__INFORMATION SHOWN__:

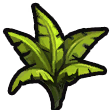 File:Fibrous fern icon.png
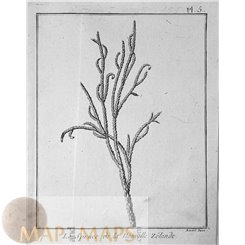 DACRYDIUM CUPRESSINUM OF NEW ZEALAND, RIMU, OLD ENGRAVING BY CAPT. COOK 1775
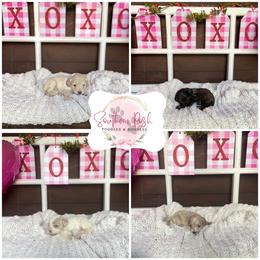 Cockapoo Puppies from Southern Posh Doodles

__YOUR ASSIGNMENT__:
Retype the whole listing word for word. Skip the pictures.

__ANSWER BOX__:
 File:Fibrous fern icon.png
 DACRYDIUM CUPRESSINUM OF NEW ZEALAND, RIMU, OLD ENGRAVING BY CAPT. COOK 1775
 Cockapoo Puppies from Southern Posh Doodles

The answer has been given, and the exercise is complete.